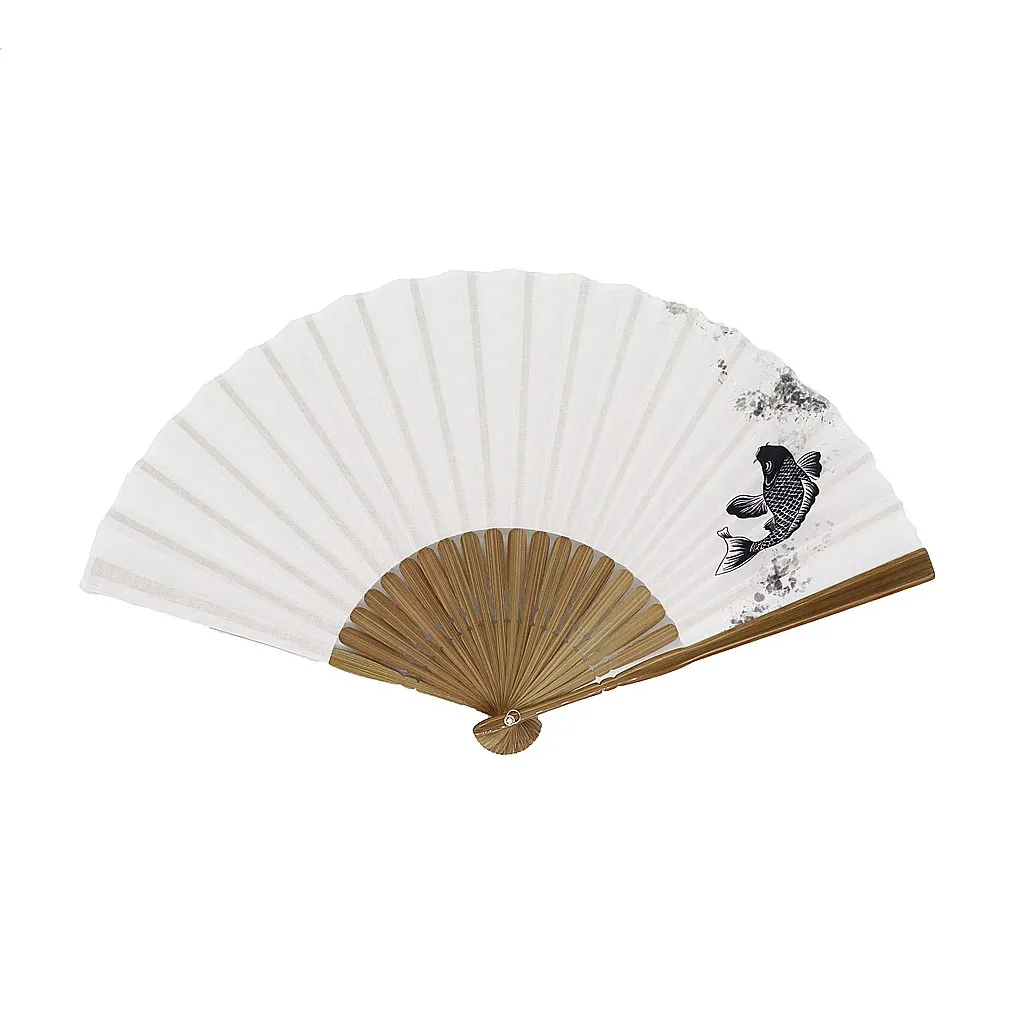 【新登場！夏の売れ筋！古典的な柄をモダンにアレンジ！かっこいい！Ripple メンズ扇子】鯉/白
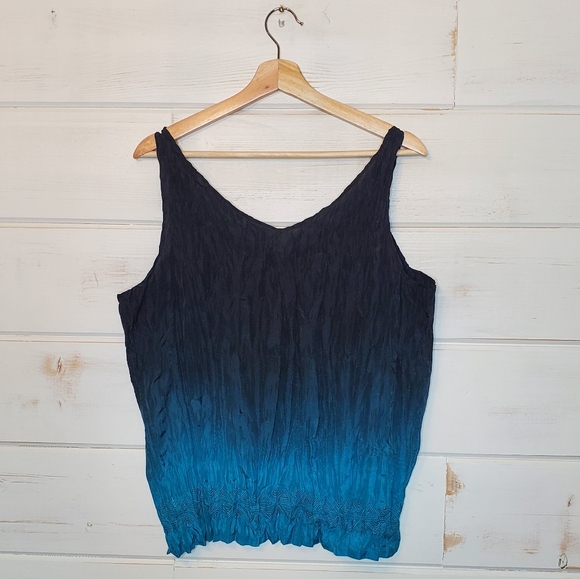 Chico's Blue Ombre 100% Silk Tank Size 3 - Picture 10 of 11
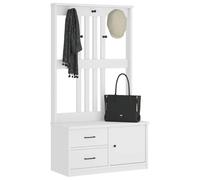 UJCHVHN Hall Tree Sandens Banc de rangement et d'entrée en bois massif Blanc 87 x 40 x 159,5 cm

▶ **PROBLEM DESCRIPTION**
Go through the listing above and retype it exactly, skipping every picture.

▶ **RESULT BELOW**
 【新登場！夏の売れ筋！古典的な柄をモダンにアレンジ！かっこいい！Ripple メンズ扇子】鯉/白
 Chico's Blue Ombre 100% Silk Tank Size 3 - Picture 10 of 11
 UJCHVHN Hall Tree Sandens Banc de rangement et d'entrée en bois massif Blanc 87 x 40 x 159,5 cm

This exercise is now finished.